======== Records for processing ========

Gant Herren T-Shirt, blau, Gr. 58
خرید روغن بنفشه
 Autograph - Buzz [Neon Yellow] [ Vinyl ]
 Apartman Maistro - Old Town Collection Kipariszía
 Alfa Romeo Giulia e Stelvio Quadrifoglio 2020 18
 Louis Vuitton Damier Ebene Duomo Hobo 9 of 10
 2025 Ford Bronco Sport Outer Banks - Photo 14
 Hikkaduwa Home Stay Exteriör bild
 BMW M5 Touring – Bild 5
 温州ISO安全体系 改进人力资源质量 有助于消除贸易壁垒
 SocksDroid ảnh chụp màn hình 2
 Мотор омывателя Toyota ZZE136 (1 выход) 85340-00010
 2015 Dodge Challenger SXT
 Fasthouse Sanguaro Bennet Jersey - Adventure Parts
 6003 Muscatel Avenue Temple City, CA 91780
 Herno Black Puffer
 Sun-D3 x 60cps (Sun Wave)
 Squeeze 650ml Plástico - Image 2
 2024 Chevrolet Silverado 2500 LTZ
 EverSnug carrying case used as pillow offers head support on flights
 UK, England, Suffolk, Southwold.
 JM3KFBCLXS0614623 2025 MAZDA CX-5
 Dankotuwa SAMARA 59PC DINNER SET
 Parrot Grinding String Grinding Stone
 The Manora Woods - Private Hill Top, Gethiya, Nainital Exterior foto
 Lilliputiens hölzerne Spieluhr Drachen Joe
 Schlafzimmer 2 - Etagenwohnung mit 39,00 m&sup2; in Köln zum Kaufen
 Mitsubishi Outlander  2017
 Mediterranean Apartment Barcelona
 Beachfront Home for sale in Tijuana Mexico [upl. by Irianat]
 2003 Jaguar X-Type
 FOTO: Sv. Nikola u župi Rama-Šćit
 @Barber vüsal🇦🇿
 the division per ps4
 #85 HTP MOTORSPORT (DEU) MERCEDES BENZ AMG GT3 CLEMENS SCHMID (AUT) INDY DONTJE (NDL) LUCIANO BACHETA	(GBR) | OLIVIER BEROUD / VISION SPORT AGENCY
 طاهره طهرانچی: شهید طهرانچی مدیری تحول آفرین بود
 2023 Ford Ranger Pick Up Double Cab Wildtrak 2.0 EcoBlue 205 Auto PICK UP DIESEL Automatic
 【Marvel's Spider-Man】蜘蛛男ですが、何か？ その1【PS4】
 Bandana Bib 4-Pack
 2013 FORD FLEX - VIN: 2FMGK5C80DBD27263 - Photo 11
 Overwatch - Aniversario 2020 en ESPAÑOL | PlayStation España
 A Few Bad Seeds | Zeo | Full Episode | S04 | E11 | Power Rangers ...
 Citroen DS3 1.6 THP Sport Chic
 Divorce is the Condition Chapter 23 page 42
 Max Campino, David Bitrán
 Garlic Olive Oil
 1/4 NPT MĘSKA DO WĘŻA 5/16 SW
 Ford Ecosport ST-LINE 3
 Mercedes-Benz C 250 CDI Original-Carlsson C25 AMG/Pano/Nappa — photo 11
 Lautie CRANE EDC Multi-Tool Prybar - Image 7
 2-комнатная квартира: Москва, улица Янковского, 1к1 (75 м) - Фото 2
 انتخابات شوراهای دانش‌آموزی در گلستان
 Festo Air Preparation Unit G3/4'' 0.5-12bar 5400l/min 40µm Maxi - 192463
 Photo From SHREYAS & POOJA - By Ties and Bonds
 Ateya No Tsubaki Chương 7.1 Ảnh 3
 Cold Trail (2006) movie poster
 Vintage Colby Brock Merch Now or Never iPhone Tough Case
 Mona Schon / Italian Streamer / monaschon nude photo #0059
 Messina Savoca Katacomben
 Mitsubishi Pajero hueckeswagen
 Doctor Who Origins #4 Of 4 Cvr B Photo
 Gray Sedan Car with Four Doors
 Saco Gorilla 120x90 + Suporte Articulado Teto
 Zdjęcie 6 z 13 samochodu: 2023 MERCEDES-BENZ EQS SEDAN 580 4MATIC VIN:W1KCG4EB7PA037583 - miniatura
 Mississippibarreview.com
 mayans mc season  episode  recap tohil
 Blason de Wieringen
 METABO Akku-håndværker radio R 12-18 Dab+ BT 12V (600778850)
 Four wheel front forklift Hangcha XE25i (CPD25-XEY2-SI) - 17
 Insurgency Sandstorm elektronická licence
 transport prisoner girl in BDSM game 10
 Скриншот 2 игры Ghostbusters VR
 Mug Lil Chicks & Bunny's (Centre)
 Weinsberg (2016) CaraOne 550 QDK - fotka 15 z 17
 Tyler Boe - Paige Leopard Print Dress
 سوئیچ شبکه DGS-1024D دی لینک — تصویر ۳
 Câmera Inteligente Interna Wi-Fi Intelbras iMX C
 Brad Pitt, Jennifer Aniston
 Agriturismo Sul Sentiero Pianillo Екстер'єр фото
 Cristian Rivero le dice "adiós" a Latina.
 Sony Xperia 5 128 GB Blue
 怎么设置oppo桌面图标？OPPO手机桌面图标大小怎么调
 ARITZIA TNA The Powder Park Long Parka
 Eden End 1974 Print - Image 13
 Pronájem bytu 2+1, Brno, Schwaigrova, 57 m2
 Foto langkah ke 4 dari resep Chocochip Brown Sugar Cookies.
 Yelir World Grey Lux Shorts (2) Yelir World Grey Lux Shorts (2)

========

### About this exercise
Please restate the material above exactly, line by line.

### Answer for this exercise
Gant Herren T-Shirt, blau, Gr. 58
خرید روغن بنفشه
 Autograph - Buzz [Neon Yellow] [ Vinyl ]
 Apartman Maistro - Old Town Collection Kipariszía
 Alfa Romeo Giulia e Stelvio Quadrifoglio 2020 18
 Louis Vuitton Damier Ebene Duomo Hobo 9 of 10
 2025 Ford Bronco Sport Outer Banks - Photo 14
 Hikkaduwa Home Stay Exteriör bild
 BMW M5 Touring – Bild 5
 温州ISO安全体系 改进人力资源质量 有助于消除贸易壁垒
 SocksDroid ảnh chụp màn hình 2
 Мотор омывателя Toyota ZZE136 (1 выход) 85340-00010
 2015 Dodge Challenger SXT
 Fasthouse Sanguaro Bennet Jersey - Adventure Parts
 6003 Muscatel Avenue Temple City, CA 91780
 Herno Black Puffer
 Sun-D3 x 60cps (Sun Wave)
 Squeeze 650ml Plástico - Image 2
 2024 Chevrolet Silverado 2500 LTZ
 EverSnug carrying case used as pillow offers head support on flights
 UK, England, Suffolk, Southwold.
 JM3KFBCLXS0614623 2025 MAZDA CX-5
 Dankotuwa SAMARA 59PC DINNER SET
 Parrot Grinding String Grinding Stone
 The Manora Woods - Private Hill Top, Gethiya, Nainital Exterior foto
 Lilliputiens hölzerne Spieluhr Drachen Joe
 Schlafzimmer 2 - Etagenwohnung mit 39,00 m&sup2; in Köln zum Kaufen
 Mitsubishi Outlander  2017
 Mediterranean Apartment Barcelona
 Beachfront Home for sale in Tijuana Mexico [upl. by Irianat]
 2003 Jaguar X-Type
 FOTO: Sv. Nikola u župi Rama-Šćit
 @Barber vüsal🇦🇿
 the division per ps4
 #85 HTP MOTORSPORT (DEU) MERCEDES BENZ AMG GT3 CLEMENS SCHMID (AUT) INDY DONTJE (NDL) LUCIANO BACHETA	(GBR) | OLIVIER BEROUD / VISION SPORT AGENCY
 طاهره طهرانچی: شهید طهرانچی مدیری تحول آفرین بود
 2023 Ford Ranger Pick Up Double Cab Wildtrak 2.0 EcoBlue 205 Auto PICK UP DIESEL Automatic
 【Marvel's Spider-Man】蜘蛛男ですが、何か？ その1【PS4】
 Bandana Bib 4-Pack
 2013 FORD FLEX - VIN: 2FMGK5C80DBD27263 - Photo 11
 Overwatch - Aniversario 2020 en ESPAÑOL | PlayStation España
 A Few Bad Seeds | Zeo | Full Episode | S04 | E11 | Power Rangers ...
 Citroen DS3 1.6 THP Sport Chic
 Divorce is the Condition Chapter 23 page 42
 Max Campino, David Bitrán
 Garlic Olive Oil
 1/4 NPT MĘSKA DO WĘŻA 5/16 SW
 Ford Ecosport ST-LINE 3
 Mercedes-Benz C 250 CDI Original-Carlsson C25 AMG/Pano/Nappa — photo 11
 Lautie CRANE EDC Multi-Tool Prybar - Image 7
 2-комнатная квартира: Москва, улица Янковского, 1к1 (75 м) - Фото 2
 انتخابات شوراهای دانش‌آموزی در گلستان
 Festo Air Preparation Unit G3/4'' 0.5-12bar 5400l/min 40µm Maxi - 192463
 Photo From SHREYAS & POOJA - By Ties and Bonds
 Ateya No Tsubaki Chương 7.1 Ảnh 3
 Cold Trail (2006) movie poster
 Vintage Colby Brock Merch Now or Never iPhone Tough Case
 Mona Schon / Italian Streamer / monaschon nude photo #0059
 Messina Savoca Katacomben
 Mitsubishi Pajero hueckeswagen
 Doctor Who Origins #4 Of 4 Cvr B Photo
 Gray Sedan Car with Four Doors
 Saco Gorilla 120x90 + Suporte Articulado Teto
 Zdjęcie 6 z 13 samochodu: 2023 MERCEDES-BENZ EQS SEDAN 580 4MATIC VIN:W1KCG4EB7PA037583 - miniatura
 Mississippibarreview.com
 mayans mc season  episode  recap tohil
 Blason de Wieringen
 METABO Akku-håndværker radio R 12-18 Dab+ BT 12V (600778850)
 Four wheel front forklift Hangcha XE25i (CPD25-XEY2-SI) - 17
 Insurgency Sandstorm elektronická licence
 transport prisoner girl in BDSM game 10
 Скриншот 2 игры Ghostbusters VR
 Mug Lil Chicks & Bunny's (Centre)
 Weinsberg (2016) CaraOne 550 QDK - fotka 15 z 17
 Tyler Boe - Paige Leopard Print Dress
 سوئیچ شبکه DGS-1024D دی لینک — تصویر ۳
 Câmera Inteligente Interna Wi-Fi Intelbras iMX C
 Brad Pitt, Jennifer Aniston
 Agriturismo Sul Sentiero Pianillo Екстер'єр фото
 Cristian Rivero le dice "adiós" a Latina.
 Sony Xperia 5 128 GB Blue
 怎么设置oppo桌面图标？OPPO手机桌面图标大小怎么调
 ARITZIA TNA The Powder Park Long Parka
 Eden End 1974 Print - Image 13
 Pronájem bytu 2+1, Brno, Schwaigrova, 57 m2
 Foto langkah ke 4 dari resep Chocochip Brown Sugar Cookies.
 Yelir World Grey Lux Shorts (2) Yelir World Grey Lux Shorts (2)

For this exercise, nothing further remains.